Bien qu'il soit assujetti aux lois antisémites imposées par l'occupant, Rouché conserve autant qu’il le peut les personnels israélites et plaide en faveur des compositeurs et librettistes d’origine juives (Dukas, Szyfer). Les soirées allemandes mettent en valeur les compositeurs contemporains (Pfitzner, Egk) mais elles sont perçues comme un assujettissement aux autorités d’occupation. Survient une situation paradoxales où les Allemands interdisent de jouer Wagner, Mozart, Strauss, Beethoven, au grand dam de Rouché qui sait que ce répertoire est très prisé du public parisien. Il n’hésite pas à négocier pour porter ces compositeurs à l’affiche, mais propose de nombreuses soirées françaises et met également Garnier à disposition de galas de charité.
Après la libération, Rouché doit affronter les procès d’épuration et défend sa politique de maintien de l’activité sous l’occupation. Suspendu le 21 février 1945 et mis à la retraite, il sera réhabilité en 1951.
Portrait de Serge Lifar dans le rôle du Chevalier (‘Le Chevalier et la Damoiselle’). Fondation Lifar, Fonds Serge Lifar - Photo Studio Harcourt, Paris, 1941.

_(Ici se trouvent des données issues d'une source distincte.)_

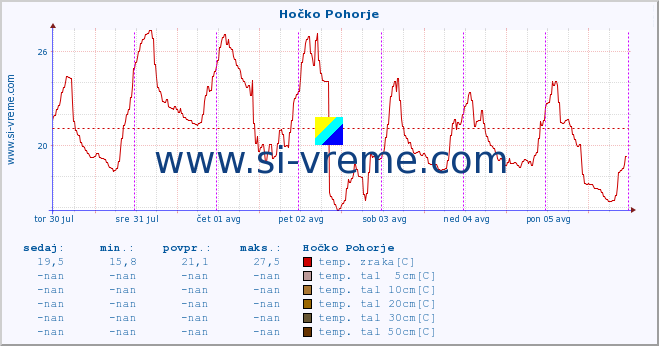 POVPREČJE :: Hočko Pohorje :: temp. zraka | vlaga | smer vetra | hitrost vetra | sunki vetra | tlak | padavine | sonce | temp. tal  5cm | temp. tal 10cm | temp. tal 20cm | temp. tal 30cm | temp. tal 50cm :: zadnji teden / 30 minut.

Le cas de Serge Lifar, artiste engagé à défendre la création pour un art, le ballet, favorisé sous l’occupation par les autorités vichystes et allemandes, est étudié en détails, car le danseur et chorégraphe d’origine ukrainien entend bien poursuivre une réforme théâtrale qui s’appuie sur les préceptes défendus par Jacques Rouché. Cette créativité haut en couleur se développe avec la complicité du compositeur Philippe Gaubert et culmine avec ‘Le Chevalier et la Damoiselle’. A nouveau, l'ouvrage montre comment il met en valeur les danseurs et danseuses tout en approfondissant le sens de son art.
Mais il faut aussi se battre pour obtenir les meilleures conditions pour une troupe très engagée physiquement alors que les restrictions sont en vigueur. Si dans les faits la compromission avec l’occupant est soulignée, il n’en est pas moins vrai que la musique et la danse française ont été promues dans un des rares lieux où il était possible de se rassembler.

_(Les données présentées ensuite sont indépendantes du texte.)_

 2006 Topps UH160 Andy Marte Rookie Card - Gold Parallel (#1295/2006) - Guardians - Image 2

Cette aventure menée avec une forte conviction artistique dans une période trouble est ainsi récapitulée en conclusion de l’ouvrage de Claire Paolacci qui rappelle que c’est l’autonomie financière de Jacques Rouché qui lui a permis au départ de diriger l’Opéra avec une certaine indépendance vis-à-vis de l’État.
Ce livre est aussi un fascinant témoignage du processus de la création artistique et de sa force malgré les circonstances politiques.